He states, “Uncritical race theory denies that racism exists at all, or maintains that racism primarily victimizes white people, or rejects any systemic or institutional analysis in favor of an inter personal explanation that understands racism as only sporadic and merely the product of individual bias.” (Page 7)

He explains:

“A truthcrime is any act of honest pedagogy in a jurisdiction where truthful teaching has been outlawed. Truthcrime is enforced disremembering. A truthcrime law, then, is one that makes lying to children obligatory and effectively renders honest educators as truthcriminals.” (Page 16)

Interesting Take on CRT

A goofball white guy from Seattle, Washington became famous by attacking critical race theory (CRT) in a completely dishonest way. Unfortunately, right-wing billionaire money trumpeted his assertions. At a time when the vast majority of America’s teachers had never heard of CRT, he claimed that public schools were indoctrinating students with CRT. For a short period of time, CRT became the racist rights number one anti-public schools slogan and a Republican campaign tool.

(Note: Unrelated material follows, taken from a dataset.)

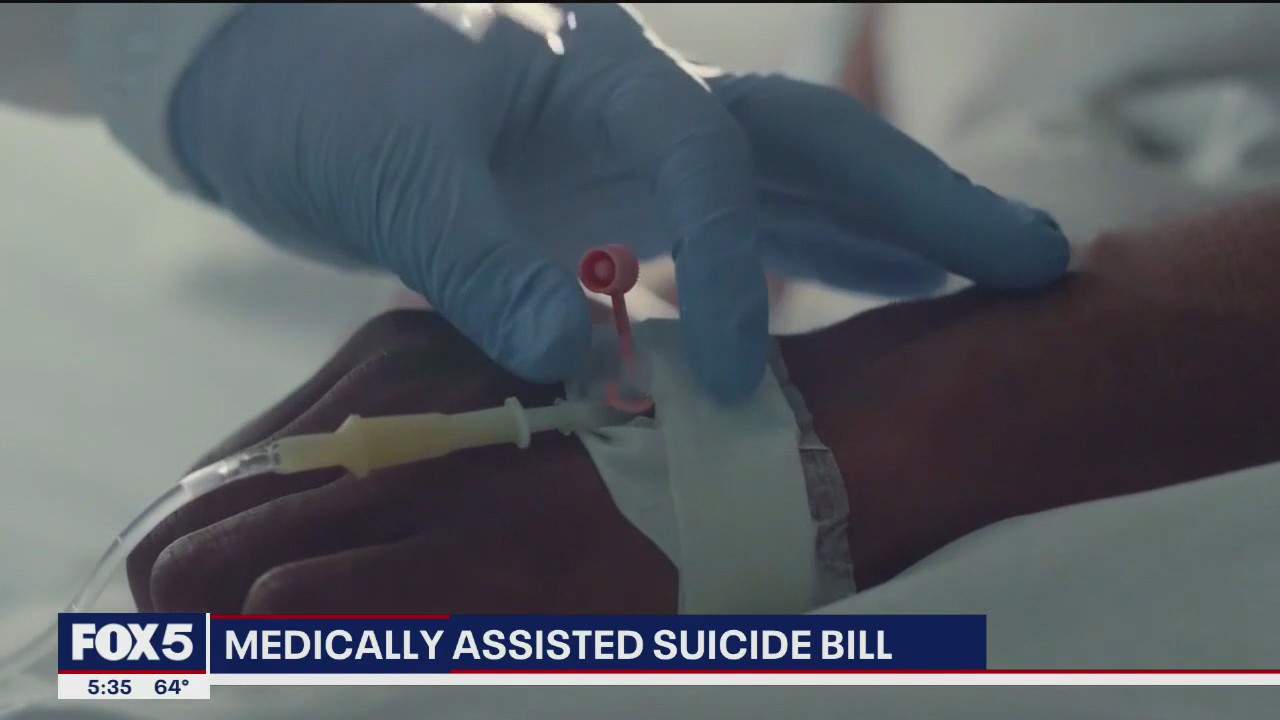 New York lawmakers advance bill allowing medically assisted suicide for terminally ill patients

CRT emerged amongst scholars and lawyers in the late 1970s and early 80s as a way to understand the forces upon Black citizens after Brown v. Board of Education in 1955, The Civil Right act of 1964 and the Voting Rights act of 1965. It was pretty much the purview of graduate school seminars. (Page 6)

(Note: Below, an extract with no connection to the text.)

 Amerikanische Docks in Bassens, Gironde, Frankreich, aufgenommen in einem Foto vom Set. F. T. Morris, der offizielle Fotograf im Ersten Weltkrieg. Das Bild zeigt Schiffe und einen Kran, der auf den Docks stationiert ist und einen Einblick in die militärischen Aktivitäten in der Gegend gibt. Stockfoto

At a June, 2022 “Road to Majority Policy Conference” in Nashville, Tennessee, Texas Senator Ted Cruz declared, “Let me tell you right now, critical race theory is bigoted, it is a lie, and it is every bit as racist as the Klansmen in white sheets.” Hagopian observed, “The irony here is profound; while Cruz compares those who teach CRT to the KKK, his own attack on antiracist education aligns with one of the Klan’s primary objectives: thwarting Black education and antiracist pedagogy—which they have done ferociously throughout US history.” (Page 40)

Hagopian discusses why feckless Democrats did not effectively respond to the GOP’s CRT attacks. He gives the example of Democrat Terry McAuliffe’s race for the Virginia Governorship against Glenn Youngkin. When Youngkin made a full throated attack on CRT calling it “toxic” and “flagrant racism, plain and simple” that is a “poisonous left-wing doctrine,” McAuliffe replied, “I don’t think parents should be telling schools what they should teach.” This response might have cost him the race. (Page 150)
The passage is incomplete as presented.